### Input material
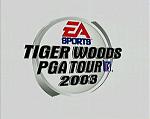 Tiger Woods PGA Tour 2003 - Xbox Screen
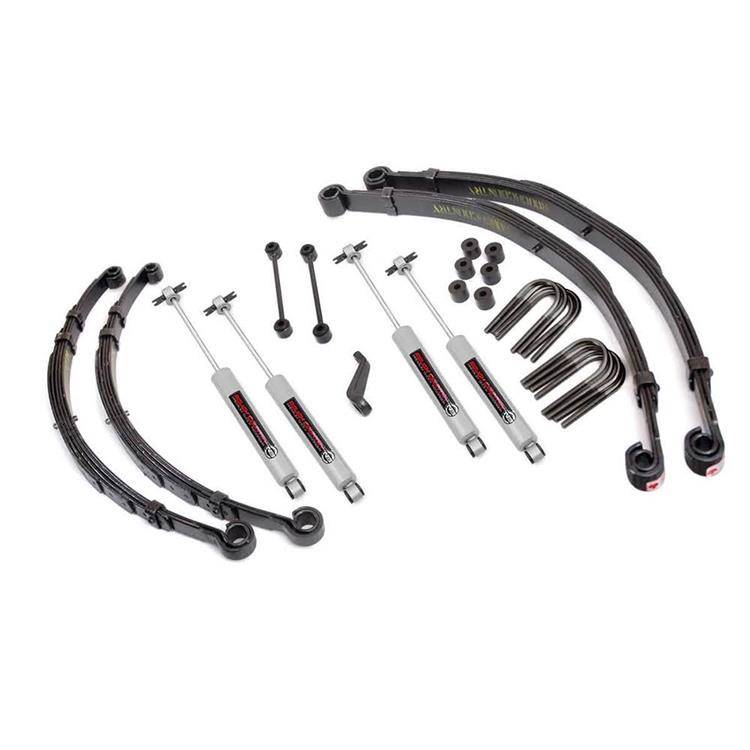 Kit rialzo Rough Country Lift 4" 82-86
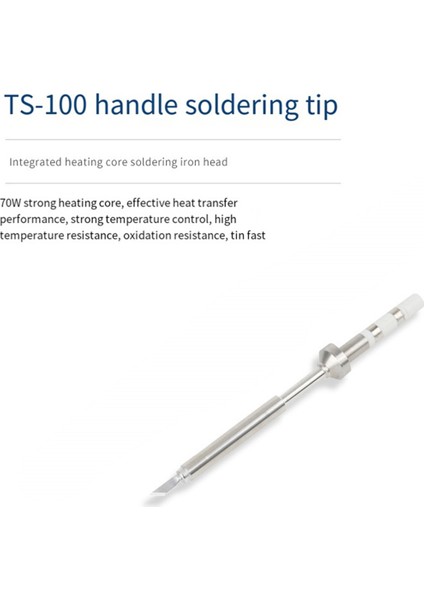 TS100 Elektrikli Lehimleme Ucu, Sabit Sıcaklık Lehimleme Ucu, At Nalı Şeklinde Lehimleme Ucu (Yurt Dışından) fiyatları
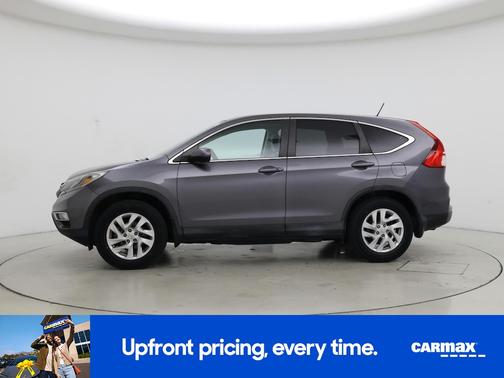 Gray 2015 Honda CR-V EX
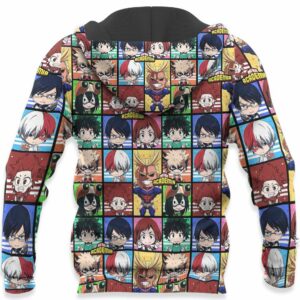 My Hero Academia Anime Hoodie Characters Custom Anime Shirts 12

### Your objective
Leaving out all pictures, repeat word for word the lines from the one containing "TS100 Elektrikli Lehimleme" through the final line of the material above.

### Your solution
 TS100 Elektrikli Lehimleme Ucu, Sabit Sıcaklık Lehimleme Ucu, At Nalı Şeklinde Lehimleme Ucu (Yurt Dışından) fiyatları
 Gray 2015 Honda CR-V EX
 My Hero Academia Anime Hoodie Characters Custom Anime Shirts 12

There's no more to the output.